Records excerpted from a collection
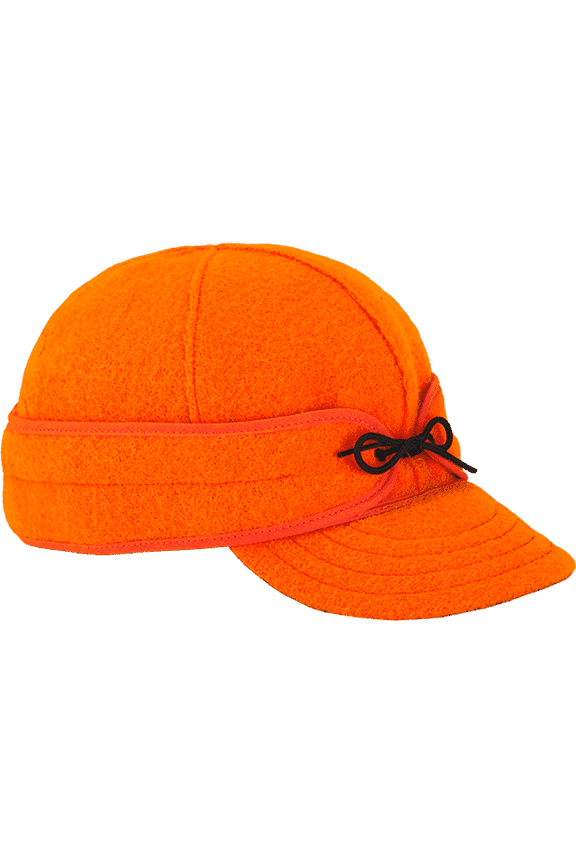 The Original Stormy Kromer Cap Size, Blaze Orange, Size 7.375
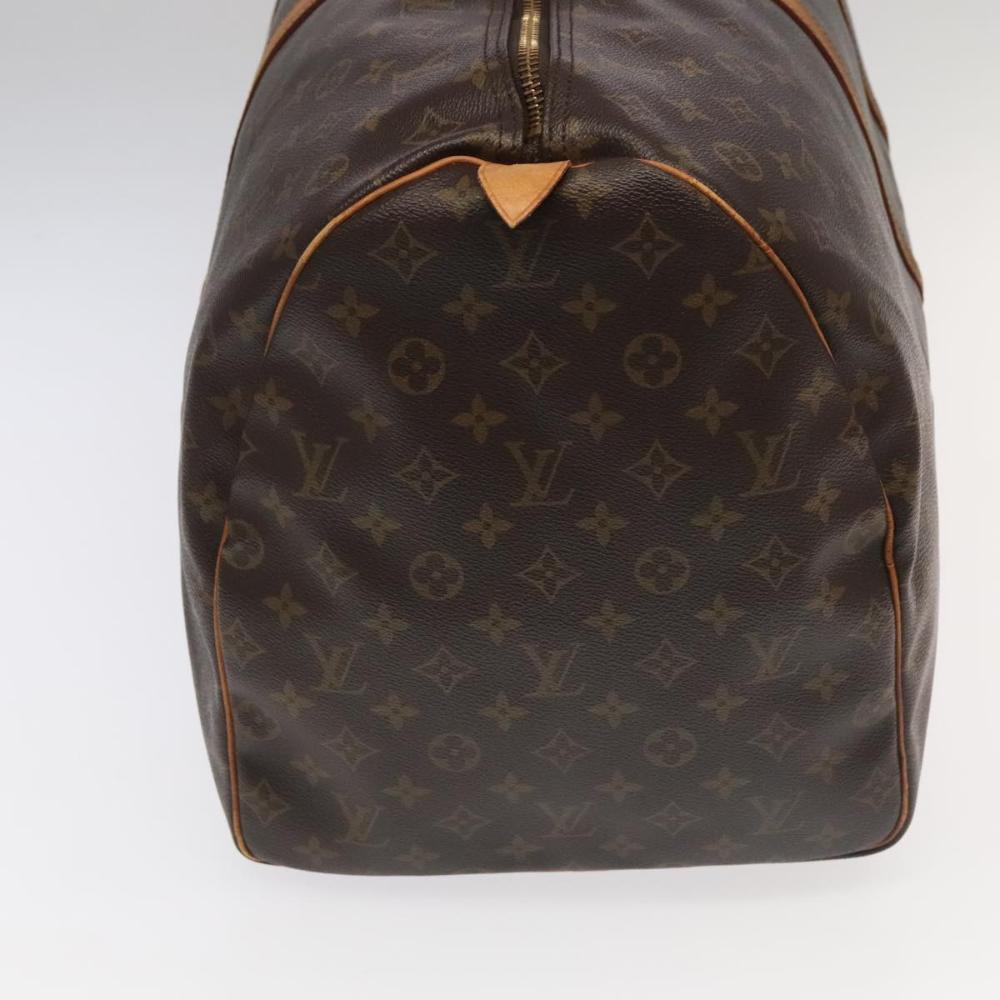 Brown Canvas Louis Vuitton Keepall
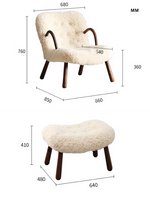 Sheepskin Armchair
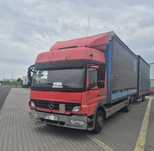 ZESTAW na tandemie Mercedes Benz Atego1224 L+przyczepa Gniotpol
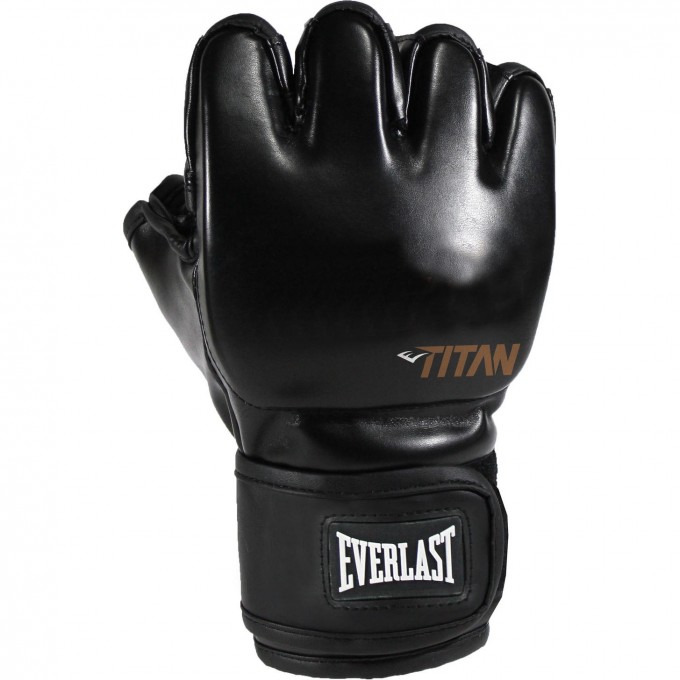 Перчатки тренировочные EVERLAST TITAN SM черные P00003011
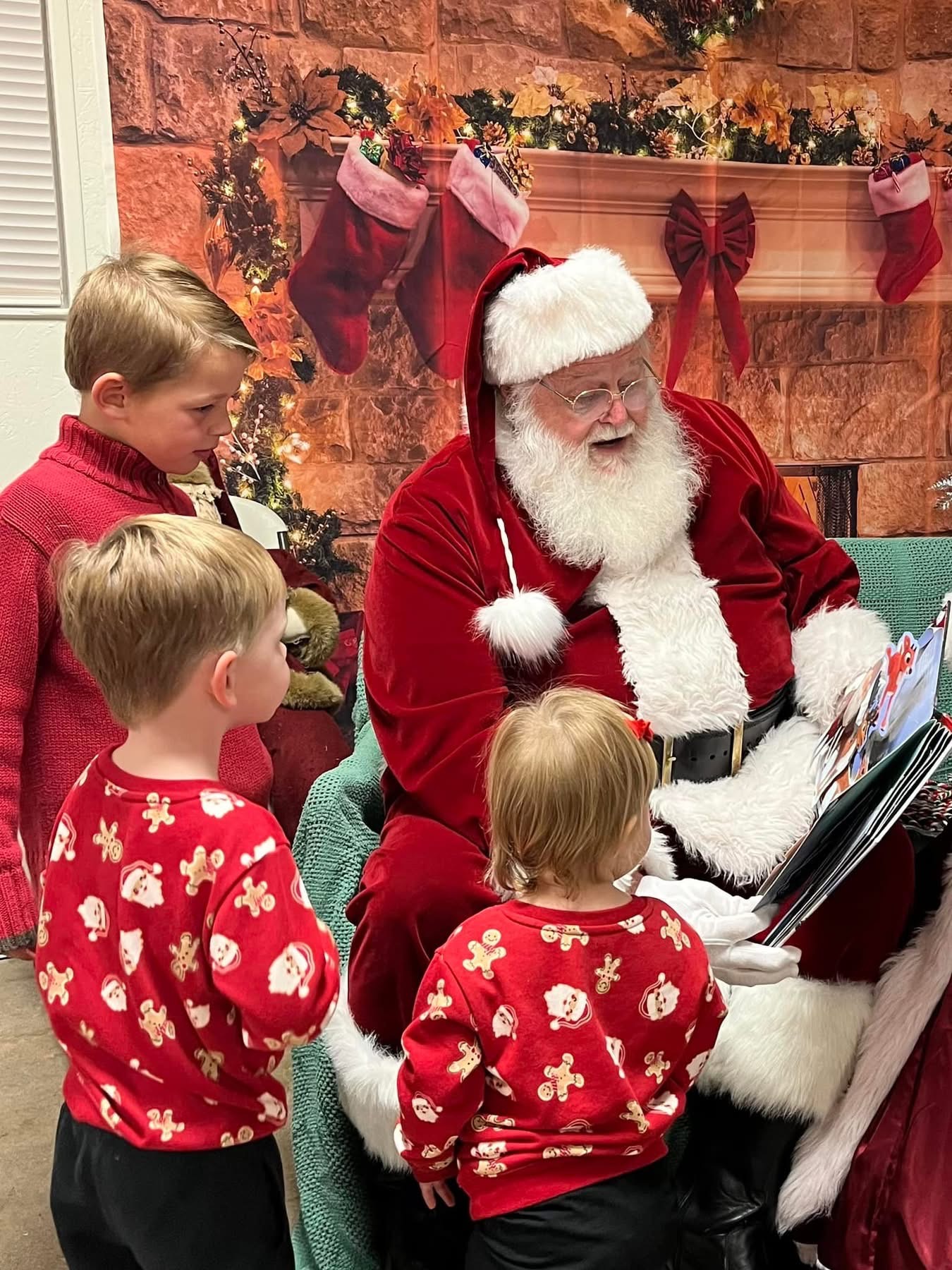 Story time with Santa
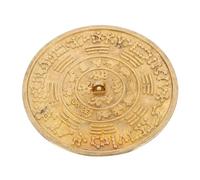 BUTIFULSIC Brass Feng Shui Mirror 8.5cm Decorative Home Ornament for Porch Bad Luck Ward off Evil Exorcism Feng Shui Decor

* Task goal
Reproduce only the lines from the first line of the entries through the line containing "Story time with Santa", exactly and with both ends kept. Omit the pictures.

* Answer to the problem
 The Original Stormy Kromer Cap Size, Blaze Orange, Size 7.375
 Brown Canvas Louis Vuitton Keepall
 Sheepskin Armchair
 ZESTAW na tandemie Mercedes Benz Atego1224 L+przyczepa Gniotpol
 Перчатки тренировочные EVERLAST TITAN SM черные P00003011
 Story time with Santa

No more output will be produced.